MATERIAL FOR THE TASK: Begin

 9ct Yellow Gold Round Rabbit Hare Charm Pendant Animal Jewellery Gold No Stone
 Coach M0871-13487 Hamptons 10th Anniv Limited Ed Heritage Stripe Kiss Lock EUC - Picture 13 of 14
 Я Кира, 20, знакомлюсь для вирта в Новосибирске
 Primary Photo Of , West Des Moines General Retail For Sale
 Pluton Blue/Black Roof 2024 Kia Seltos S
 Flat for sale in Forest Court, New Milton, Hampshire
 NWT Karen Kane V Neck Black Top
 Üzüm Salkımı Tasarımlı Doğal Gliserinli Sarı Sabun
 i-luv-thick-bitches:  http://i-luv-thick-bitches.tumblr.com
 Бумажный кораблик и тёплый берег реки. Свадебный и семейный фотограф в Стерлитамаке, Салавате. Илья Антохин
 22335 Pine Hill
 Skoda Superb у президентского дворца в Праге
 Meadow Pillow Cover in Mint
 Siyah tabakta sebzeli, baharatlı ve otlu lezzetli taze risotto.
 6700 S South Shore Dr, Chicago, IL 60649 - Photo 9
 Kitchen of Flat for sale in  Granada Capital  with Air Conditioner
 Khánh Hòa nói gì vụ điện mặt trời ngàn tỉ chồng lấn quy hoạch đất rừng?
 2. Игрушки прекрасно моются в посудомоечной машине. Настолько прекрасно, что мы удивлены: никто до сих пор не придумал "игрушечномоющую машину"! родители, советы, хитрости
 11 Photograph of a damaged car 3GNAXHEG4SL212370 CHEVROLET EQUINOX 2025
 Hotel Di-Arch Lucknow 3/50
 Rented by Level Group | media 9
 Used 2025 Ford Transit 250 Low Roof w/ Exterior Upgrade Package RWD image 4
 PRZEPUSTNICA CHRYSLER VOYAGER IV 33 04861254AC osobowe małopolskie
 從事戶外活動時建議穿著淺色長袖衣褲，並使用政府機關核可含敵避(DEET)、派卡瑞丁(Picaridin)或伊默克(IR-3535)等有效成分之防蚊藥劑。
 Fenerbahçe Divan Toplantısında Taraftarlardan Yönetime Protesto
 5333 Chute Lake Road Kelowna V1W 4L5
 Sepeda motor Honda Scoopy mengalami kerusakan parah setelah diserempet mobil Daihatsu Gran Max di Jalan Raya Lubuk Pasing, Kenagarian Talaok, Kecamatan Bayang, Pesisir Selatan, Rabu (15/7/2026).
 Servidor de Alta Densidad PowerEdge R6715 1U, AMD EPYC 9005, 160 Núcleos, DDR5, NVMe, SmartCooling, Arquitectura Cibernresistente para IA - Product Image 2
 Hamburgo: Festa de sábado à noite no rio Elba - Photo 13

MATERIAL FOR THE TASK: End

Every line above that contains the word "Black" should be reported.

 Pluton Blue/Black Roof 2024 Kia Seltos S
 NWT Karen Kane V Neck Black Top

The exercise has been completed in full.